ANOVA
- Prof. R. A. Fisher first used the term variance and developed a detailed theory of ANOVA.
- He explained how ANOVA is useful for practical research applications.
- ANOVA is a procedure to test whether different groups of data are homogeneous.
- It partitions the total variation in a data set into two parts: variation due to chance and variation due to specific causes.
- ANOVA splits variance into components for analytical purposes.
- It analyses the variance of a response by assigning components to different sources of variation.
- Using ANOVA, one can study any number of factors believed to affect the dependent variable.
Types of ANOVA
These are as follows:
One-Way ANOVA
- One-way ANOVA tests differences among two or more independent groups.

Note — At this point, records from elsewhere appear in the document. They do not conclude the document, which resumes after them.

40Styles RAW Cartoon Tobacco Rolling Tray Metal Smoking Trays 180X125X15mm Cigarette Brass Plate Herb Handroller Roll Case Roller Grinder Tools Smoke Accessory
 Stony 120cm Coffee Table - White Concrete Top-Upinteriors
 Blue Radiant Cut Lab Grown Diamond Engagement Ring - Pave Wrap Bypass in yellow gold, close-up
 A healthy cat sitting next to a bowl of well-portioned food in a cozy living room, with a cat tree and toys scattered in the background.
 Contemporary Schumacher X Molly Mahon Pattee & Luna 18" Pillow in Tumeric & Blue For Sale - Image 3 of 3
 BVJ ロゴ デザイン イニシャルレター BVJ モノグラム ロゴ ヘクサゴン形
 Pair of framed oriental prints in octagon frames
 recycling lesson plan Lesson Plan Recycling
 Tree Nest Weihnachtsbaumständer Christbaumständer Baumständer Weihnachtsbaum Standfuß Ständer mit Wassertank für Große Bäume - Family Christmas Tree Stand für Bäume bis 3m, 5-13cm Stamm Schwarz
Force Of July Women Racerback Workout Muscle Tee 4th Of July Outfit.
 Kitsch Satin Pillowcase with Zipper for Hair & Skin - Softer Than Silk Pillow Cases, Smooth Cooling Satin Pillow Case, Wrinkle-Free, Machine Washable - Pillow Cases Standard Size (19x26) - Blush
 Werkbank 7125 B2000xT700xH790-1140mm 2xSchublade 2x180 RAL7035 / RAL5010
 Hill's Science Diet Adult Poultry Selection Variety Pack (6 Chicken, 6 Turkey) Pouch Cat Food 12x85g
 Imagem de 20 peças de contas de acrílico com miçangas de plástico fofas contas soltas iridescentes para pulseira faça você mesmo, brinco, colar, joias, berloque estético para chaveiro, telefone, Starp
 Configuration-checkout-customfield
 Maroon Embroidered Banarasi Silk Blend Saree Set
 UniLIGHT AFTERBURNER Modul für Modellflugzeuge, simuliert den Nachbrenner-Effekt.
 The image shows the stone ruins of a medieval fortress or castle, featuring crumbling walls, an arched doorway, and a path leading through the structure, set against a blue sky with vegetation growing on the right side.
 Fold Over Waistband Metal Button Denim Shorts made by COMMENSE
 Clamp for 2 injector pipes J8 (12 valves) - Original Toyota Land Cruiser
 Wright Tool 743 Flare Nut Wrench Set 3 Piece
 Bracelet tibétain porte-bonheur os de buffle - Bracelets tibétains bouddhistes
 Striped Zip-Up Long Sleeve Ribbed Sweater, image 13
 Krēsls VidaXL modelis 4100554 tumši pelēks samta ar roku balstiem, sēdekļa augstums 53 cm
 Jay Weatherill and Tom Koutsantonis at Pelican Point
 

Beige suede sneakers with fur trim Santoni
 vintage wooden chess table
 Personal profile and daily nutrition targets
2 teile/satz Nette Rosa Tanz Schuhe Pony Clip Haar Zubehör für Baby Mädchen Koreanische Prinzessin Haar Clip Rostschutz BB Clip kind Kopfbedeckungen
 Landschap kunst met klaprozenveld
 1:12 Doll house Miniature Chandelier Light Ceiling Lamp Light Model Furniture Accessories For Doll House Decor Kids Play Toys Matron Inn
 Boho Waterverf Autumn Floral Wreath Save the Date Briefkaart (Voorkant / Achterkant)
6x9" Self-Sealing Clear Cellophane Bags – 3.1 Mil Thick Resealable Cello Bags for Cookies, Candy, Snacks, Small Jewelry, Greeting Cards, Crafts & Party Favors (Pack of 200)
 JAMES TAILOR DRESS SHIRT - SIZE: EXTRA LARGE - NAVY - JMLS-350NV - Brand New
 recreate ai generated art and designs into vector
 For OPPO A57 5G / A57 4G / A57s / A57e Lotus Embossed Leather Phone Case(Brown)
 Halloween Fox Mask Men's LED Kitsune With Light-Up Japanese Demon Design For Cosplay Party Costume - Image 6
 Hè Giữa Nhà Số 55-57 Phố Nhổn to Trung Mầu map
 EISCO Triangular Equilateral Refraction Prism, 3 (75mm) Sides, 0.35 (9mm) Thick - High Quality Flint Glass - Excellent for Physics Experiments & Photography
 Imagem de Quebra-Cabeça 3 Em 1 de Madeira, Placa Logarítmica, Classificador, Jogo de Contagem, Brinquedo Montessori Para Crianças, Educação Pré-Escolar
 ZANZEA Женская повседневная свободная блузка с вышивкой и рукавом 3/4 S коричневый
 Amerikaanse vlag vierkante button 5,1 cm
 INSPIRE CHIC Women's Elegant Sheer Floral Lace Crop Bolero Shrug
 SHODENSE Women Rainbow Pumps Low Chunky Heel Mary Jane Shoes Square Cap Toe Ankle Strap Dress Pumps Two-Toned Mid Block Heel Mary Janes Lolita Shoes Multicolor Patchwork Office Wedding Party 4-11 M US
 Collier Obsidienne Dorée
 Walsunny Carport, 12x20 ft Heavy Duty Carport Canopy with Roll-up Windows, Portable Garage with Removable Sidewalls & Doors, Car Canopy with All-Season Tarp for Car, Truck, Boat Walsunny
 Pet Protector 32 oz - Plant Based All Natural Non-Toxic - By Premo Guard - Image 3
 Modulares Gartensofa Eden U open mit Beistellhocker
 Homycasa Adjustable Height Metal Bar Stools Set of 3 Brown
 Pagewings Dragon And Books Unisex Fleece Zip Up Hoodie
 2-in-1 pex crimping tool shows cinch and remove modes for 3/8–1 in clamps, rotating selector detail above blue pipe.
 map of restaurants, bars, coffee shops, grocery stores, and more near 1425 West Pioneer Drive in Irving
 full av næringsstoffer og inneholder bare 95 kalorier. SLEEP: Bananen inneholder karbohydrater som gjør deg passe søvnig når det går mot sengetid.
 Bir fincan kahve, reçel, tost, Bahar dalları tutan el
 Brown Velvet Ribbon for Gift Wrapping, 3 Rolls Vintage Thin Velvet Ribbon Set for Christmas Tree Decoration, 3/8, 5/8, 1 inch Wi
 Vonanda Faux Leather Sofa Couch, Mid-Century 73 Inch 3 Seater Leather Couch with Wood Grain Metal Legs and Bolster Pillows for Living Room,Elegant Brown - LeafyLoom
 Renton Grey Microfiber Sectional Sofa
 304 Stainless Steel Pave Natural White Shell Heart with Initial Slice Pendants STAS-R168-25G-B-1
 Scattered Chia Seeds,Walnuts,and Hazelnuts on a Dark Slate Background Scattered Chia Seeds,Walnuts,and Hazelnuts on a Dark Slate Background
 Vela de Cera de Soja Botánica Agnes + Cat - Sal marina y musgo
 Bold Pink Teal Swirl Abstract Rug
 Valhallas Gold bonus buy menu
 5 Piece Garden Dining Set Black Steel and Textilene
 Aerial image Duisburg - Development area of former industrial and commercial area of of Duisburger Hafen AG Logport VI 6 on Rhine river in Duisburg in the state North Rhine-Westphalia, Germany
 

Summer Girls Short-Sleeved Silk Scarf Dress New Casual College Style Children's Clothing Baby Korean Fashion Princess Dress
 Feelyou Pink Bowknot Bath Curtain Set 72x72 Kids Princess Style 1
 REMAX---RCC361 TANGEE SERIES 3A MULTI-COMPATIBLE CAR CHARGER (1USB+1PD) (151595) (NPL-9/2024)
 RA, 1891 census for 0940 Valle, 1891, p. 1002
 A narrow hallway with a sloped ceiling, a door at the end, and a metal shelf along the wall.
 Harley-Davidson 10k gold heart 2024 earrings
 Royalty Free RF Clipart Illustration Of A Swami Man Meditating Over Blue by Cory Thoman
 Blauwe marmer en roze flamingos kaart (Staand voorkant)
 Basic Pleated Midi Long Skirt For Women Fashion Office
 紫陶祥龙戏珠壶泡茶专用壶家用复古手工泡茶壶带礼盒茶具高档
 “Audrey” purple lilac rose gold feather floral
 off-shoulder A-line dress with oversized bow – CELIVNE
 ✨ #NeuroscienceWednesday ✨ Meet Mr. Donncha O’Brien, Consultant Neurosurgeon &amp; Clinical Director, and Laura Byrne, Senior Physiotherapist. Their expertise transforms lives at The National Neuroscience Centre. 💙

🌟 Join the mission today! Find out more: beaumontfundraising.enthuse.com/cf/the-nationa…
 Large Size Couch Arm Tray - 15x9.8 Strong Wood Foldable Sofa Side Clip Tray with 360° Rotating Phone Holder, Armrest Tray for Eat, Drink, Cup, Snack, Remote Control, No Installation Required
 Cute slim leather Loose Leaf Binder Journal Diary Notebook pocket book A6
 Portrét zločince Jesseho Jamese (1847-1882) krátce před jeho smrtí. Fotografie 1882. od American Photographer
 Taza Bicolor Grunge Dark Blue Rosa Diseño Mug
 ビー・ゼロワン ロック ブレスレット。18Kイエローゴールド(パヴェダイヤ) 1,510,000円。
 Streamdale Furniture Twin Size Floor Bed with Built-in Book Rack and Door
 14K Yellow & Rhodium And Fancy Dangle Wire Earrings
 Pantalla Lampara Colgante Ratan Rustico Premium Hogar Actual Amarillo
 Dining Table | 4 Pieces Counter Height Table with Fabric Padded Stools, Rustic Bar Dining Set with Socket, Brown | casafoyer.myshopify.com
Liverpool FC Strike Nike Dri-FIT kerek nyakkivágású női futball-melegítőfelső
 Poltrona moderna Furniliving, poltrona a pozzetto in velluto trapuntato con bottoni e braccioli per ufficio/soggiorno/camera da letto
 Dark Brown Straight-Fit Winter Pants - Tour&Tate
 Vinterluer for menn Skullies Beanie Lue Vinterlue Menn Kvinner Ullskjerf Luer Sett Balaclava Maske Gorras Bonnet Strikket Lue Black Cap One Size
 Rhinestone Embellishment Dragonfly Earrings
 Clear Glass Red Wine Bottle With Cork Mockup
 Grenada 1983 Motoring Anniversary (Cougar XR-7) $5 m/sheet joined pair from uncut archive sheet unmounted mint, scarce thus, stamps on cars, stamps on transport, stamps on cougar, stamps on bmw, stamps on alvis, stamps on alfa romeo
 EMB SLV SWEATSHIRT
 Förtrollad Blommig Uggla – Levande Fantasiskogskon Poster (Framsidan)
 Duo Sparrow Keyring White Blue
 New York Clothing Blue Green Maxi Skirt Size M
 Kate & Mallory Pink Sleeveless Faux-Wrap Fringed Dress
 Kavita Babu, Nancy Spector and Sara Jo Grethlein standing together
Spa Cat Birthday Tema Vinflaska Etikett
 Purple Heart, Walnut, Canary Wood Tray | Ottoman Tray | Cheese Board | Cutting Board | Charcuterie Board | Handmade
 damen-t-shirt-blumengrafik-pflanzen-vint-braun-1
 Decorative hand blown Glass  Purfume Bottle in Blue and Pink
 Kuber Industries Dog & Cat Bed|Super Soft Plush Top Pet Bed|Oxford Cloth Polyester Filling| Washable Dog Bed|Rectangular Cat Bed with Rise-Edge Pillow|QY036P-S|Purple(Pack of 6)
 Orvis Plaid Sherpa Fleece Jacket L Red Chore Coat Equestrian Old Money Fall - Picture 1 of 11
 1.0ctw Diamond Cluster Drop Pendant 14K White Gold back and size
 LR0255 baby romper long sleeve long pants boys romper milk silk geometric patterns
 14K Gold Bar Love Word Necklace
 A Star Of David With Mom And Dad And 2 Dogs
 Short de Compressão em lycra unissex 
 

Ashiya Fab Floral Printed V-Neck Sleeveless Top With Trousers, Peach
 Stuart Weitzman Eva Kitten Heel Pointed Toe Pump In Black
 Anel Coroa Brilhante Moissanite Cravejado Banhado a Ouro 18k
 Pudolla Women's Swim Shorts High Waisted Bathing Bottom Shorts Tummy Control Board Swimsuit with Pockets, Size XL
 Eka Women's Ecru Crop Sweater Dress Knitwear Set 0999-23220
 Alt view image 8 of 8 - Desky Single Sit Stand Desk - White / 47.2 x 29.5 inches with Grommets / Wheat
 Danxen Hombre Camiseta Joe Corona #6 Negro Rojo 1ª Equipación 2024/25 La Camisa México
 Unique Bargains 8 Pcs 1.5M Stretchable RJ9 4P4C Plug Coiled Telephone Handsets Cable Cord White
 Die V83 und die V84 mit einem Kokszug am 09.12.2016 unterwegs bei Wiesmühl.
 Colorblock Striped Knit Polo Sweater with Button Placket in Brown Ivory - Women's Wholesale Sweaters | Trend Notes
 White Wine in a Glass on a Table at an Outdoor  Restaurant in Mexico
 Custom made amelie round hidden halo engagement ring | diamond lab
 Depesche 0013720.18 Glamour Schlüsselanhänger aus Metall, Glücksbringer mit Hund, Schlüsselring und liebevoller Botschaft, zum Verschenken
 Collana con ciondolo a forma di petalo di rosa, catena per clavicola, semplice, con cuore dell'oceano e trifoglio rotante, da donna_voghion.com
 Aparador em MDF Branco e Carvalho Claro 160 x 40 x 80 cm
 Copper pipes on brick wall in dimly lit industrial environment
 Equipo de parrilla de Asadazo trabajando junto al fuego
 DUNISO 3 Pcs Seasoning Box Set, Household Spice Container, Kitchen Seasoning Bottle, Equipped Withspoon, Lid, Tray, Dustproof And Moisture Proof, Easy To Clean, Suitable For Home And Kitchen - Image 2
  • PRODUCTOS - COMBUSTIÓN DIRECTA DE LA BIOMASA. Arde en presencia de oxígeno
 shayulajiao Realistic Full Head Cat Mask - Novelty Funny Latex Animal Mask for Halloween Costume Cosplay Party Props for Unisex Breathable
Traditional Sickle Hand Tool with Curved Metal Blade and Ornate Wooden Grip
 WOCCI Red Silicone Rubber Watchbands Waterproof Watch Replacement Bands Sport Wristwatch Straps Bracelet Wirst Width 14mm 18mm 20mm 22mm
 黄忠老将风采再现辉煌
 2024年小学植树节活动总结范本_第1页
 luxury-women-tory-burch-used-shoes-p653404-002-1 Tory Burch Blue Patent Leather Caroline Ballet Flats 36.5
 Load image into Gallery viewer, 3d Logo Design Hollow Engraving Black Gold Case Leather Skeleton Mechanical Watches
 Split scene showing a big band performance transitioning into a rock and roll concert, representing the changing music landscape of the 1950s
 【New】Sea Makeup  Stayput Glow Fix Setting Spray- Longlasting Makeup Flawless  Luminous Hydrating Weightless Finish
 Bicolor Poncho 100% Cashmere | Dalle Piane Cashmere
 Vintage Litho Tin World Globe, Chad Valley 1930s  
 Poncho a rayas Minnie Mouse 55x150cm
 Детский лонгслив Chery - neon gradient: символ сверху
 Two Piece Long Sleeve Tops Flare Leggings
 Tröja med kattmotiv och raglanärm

- It is typically applied when comparing three or more groups, because two-group cases can be handled by Student's t-test.
- When only two means are compared, the t-test and the F-test are equivalent with F = t².
- For example, a researcher might compare students' attitude towards school across school types: SSC, CBSE and ICSE.
- Here the dependent variable is attitude towards the school and the groups are SSC, CBSE and ICSE schools.
- One-way ANOVA tests whether students' attitudes differ among these three groups.
- One-way repeated measures ANOVA is used when the same subjects receive repeated measurements.
- That is, the same subjects are measured under each treatment.
- This design can be affected by carry-over effects.
- It is commonly used in experiments comparing three or more related measurements, for example pre-test and post-test scores.
Two-Way ANOVA
- Two-way ANOVA studies the effects of two independent or treatment variables.
- It is also called factorial ANOVA.
- The most common factorial design is 2 × 2, meaning two independent variables each with two levels.
- Two-way ANOVA can have higher levels such as 3 × 3 or higher-order designs like 2 × 2 × 2.
- Manual calculations for many factors are lengthy, so higher-order analyses became common after data analysis software emerged.
- For example, a researcher might compare students' attitude by school type (SSC, CBSE, ICSE) and gender.
- Here the dependent variable is attitude towards the school and the independent variables are school type (three levels) and gender (two levels).
- This would be a 3 × 2 two-way ANOVA, testing attitude differences by school type and gender.
MANOVA
- When samples receive repeated measures, such as pre-test and post-test, a factorial mixed design can be used: Multivariate Analysis of Variance (MANOVA).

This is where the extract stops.